Welcome to ChefTalk.

Here's my favorite.......
Boil the eggs as per usual. Peel, halve, and remove yolks. Make the yolk mixture with Wasabi, mayonnaise, salt, and whatever fresh herb you have around. I love fresh dill.
Take whites and dredge them in seasoned flour, egg wash, then Panko bread crumbs. Deep fat fry until golden brown. 
Now pipe or scoop the yolk mixture into the freshly fried whites....serve...


----------



## cousinsteve (Sep 28, 2016)

We served a smoked salmon deviled egg that was very popular. We hot smoked the salmon and reserved the oils that came out during and after smoking. We mixed a little of the oil with the yolks/mayo/diced salmon, piped into the whites and topped with some dill and diced capers. Delicious.


----------



## kimmit (Feb 28, 2013)

_


justin richards said:



I am currently a newly promoted sous chef at my restaurant, we have a delicious kimchi deviled egg dish on our menu. Was interested if any of you chefs had another good recipe to possibly run as a special for deviled eggs

Click to expand...

_Something I am going to try this weekend - it's a Jacques Pepin idea - Pan-crisped deviled eggs on french lettuces. Look like usual filling for eggs: musard/garlic/minced onion/flat leaf parsley/milk/mayo/vinegar. When the eggs are stuffed, cook the eggs gently in a hot skillet, stuffed side down, until crisp. Serve them on a bed of greens with a dressing of mustard, oil, milk, vinegar, left over egg stuffing. I love the sound of this!


----------



## chrislehrer (Oct 9, 2008)

kimmit said:


> Something I am going to try this weekend - it's a Jacques Pepin idea - Pan-crisped deviled eggs on french lettuces. Look like usual filling for eggs: musard/garlic/minced onion/flat leaf parsley/milk/mayo/vinegar. When the eggs are stuffed, cook the eggs gently in a hot skillet, stuffed side down, until crisp. Serve them on a bed of greens with a dressing of mustard, oil, milk, vinegar, left over egg stuffing. I love the sound of this!

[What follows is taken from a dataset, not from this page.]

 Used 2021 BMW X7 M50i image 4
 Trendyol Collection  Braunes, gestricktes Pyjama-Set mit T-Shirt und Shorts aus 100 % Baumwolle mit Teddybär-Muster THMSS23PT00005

He calls these Oeufs Jeannette, after his mother, who served them often. The recipe should be on line. It's excellent, but two caveats:
1. The garlic is effectively raw, so a light touch is necessary. It might be interesting with roasted garlic, though.
2. The things can stick like heck. You'll need your thinnest spatula if you're going to keep the pretty brown crust. I wonder if a quick zap under a salamander might work better, though you'd need to use a cold pan to keep the eggs from getting too warm.


----------



## teamfat (Nov 5, 2007)

" The garlic is effectively raw, so a light touch is necessary. It might be interesting with roasted garlic, though."

Hmm. Could be something worth posting in this month's challenge.

mjb.


----------



## kimmit (Feb 28, 2013)

chrislehrer said:


> He calls these Oeufs Jeannette, after his mother, who served them often. The recipe should be on line. It's excellent, but two caveats:
> 1. The garlic is effectively raw, so a light touch is necessary. It might be interesting with roasted garlic, though.
> 2. The things can stick like heck. You'll need your thinnest spatula if you're going to keep the pretty brown crust. I wonder if a quick zap under a salamander might work better, though you'd need to use a cold pan to keep the eggs from getting too warm.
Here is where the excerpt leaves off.